# dying wood veneer?



## JesseTutt (Aug 15, 2012)

The latest issue of Scrollsaw Woodworking & crafts has a project of making a box with a wooden ribbon on top.
The ribbon is make "interesting" by using dyed veneer in Red, Green, and Blue colors. All you see is the edge of the veneer.

Internet research shows the ability to purchase pre-dyed veneer or articles on using dye to make your own. If you make your own TransTint dye seems to be the popular choice. But, at $20 per color three colors gets expensive. I was planning on using some Pecan veneer that I have that is a very light brown in color.

Has anyone made their own color dyed veneer and would like to share their experiences?

Would the light brown of the Pecan be able to be dyed a bright Red, Green, or Blue? Or should I find some Maple veneer? Or what veneer would you use?


----------



## shipwright (Sep 27, 2010)

I've done it quite a bit.
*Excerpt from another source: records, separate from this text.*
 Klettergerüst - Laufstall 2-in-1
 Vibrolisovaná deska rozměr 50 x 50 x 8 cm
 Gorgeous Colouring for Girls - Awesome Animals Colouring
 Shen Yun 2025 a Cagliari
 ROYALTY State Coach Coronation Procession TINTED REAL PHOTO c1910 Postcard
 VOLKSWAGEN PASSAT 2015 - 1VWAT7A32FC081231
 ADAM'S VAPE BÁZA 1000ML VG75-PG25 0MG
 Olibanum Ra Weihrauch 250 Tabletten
Have a look here.
I use ColorFX dyes from Wood Essence.
They sell a starter kit with a dozen little bottles of concentrate that each make up about a quart.
Lots of colours for around $55.


----------



## JAAune (Jan 22, 2012)

Marc Adams does it using RIT dyes. He's got a marquetry video on the topic.

Maple is a great veneer to work and is inexpensive so that would be my veneer of choice for dye applications.


----------



## adaughhetee (Jan 20, 2011)

If you just want to buy it here you go. http://www.grizzly.com/products/Sequenced-Matched-Figured-Dyed-Primary-Colors-Veneer-3-sq-ft-/T20404


----------